Dongeng Ibukota
Adalah satu dongeng sederhana yang mematikan lampu-lampu di kamar tidurku,
menyulap pintu lemari jadi pintu gerbang kastil yang kokoh,
begitu megah dan tak tersentuh, mirip gedung-gedung tinggi ibukota,
yang membuatku silau bukan hanya karna kaca-kacanya,
tapi begitu banyak ambisi dan kesombongan,
mengutamakan kantong pribadi dan menenggelamkan kata rakyat,
yang seharusnya satu, yang seharusnya utama,
atau paling tidak diusahakan pertama.
Adalah satu dongeng sederhana yang menidurkan anak-anak bangsa,
dengan kelelahan mata dan jari akibat games elektronik,
melupakan lompat karet, gangsing, petak umpet,
membenci aktivitas outdoor dan mencintai keautisannya,
bukannya belajar berkawan, lebih suka melawan,
sama seperti suara-suara mereka yang berdemo,
satu stereo, tapi tak betul-betul mengerti maknanya,
bukankah komunikator yang salah bila pesan tak sampai.
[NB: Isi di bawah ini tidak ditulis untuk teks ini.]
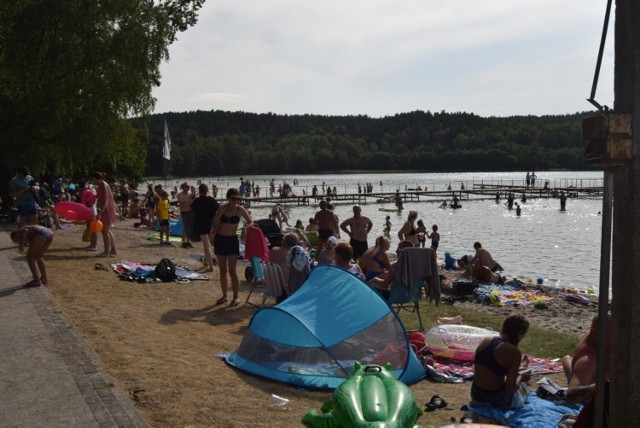 Plaża w Wielu jest jedną z najchętniej odwiedzanych w powiecie kościerskim. Nowy pomost tylko zwiększy jej atrakcyjność.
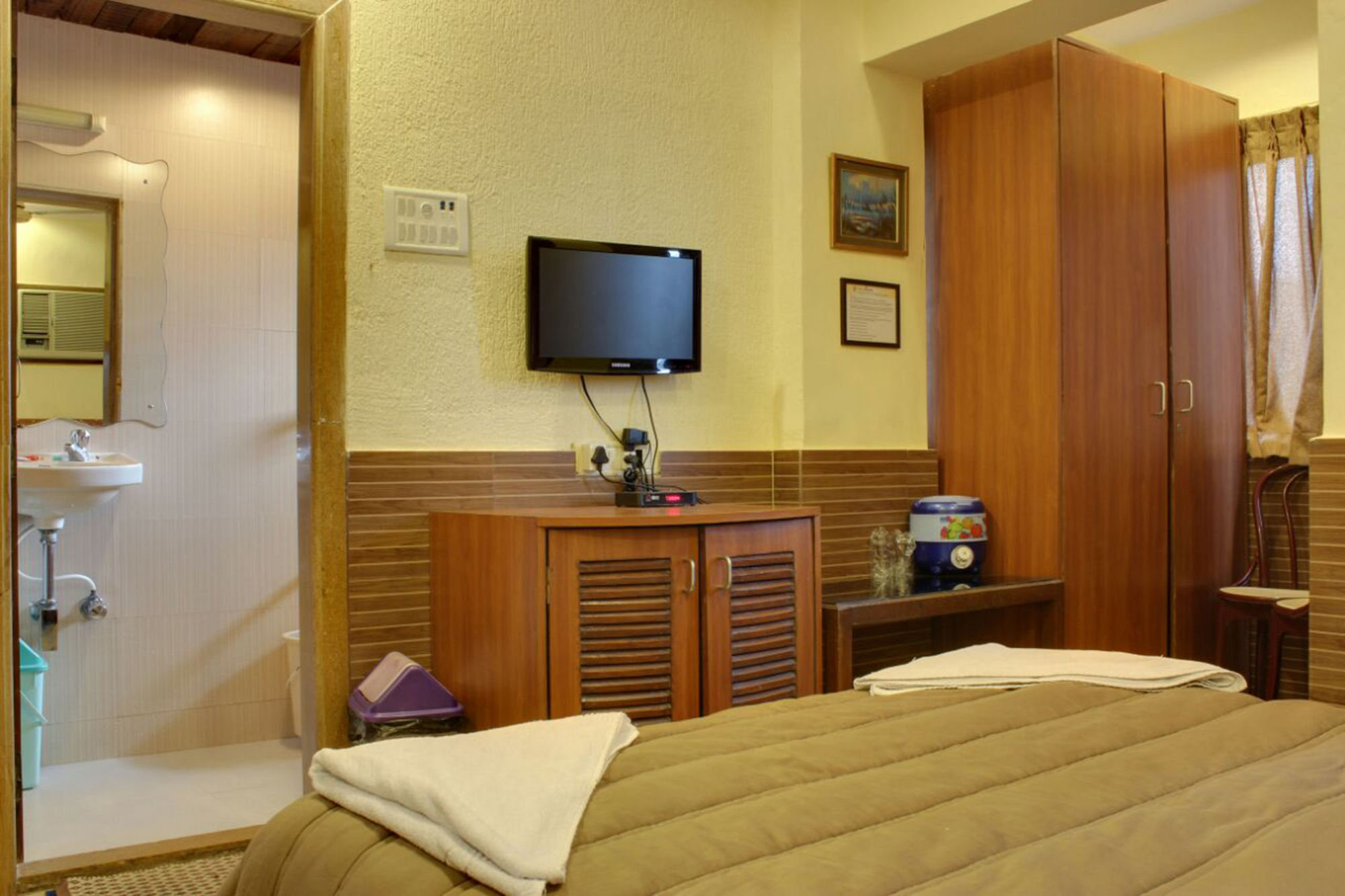 Lucky Hotel Goregaon Мумбаи Экстерьер фото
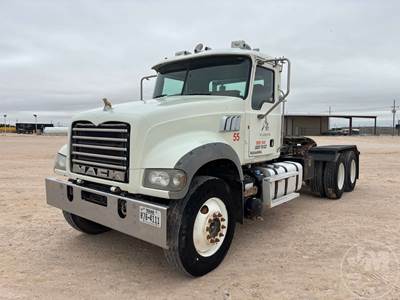 Mack Granite GU713 Salvage Truck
Adalah satu dongeng sederhana yang membius kita semua,
mnghadirkan sejuta tanda tanya, ada apa setelah ini dan itu,
sehingga mau tak mau, semua turut serta,
membunuh pagi dan siang, menghapus sore hari,
supaya jutaaan tanda tanya tak beranak pinak,
atau jangan-jangan walau dipotong dengan pedang Lancelot,
tumbuh kembali seperti ekor cicak,
atau lebih parah cacing tanah yang mengganda.
Marilah kita lari pada malam,
begitu nyaman rasanya dalam gelap,
supaya siapa saja dapat mendongeng,
ganti-berganti menjadi pelaku dan korban.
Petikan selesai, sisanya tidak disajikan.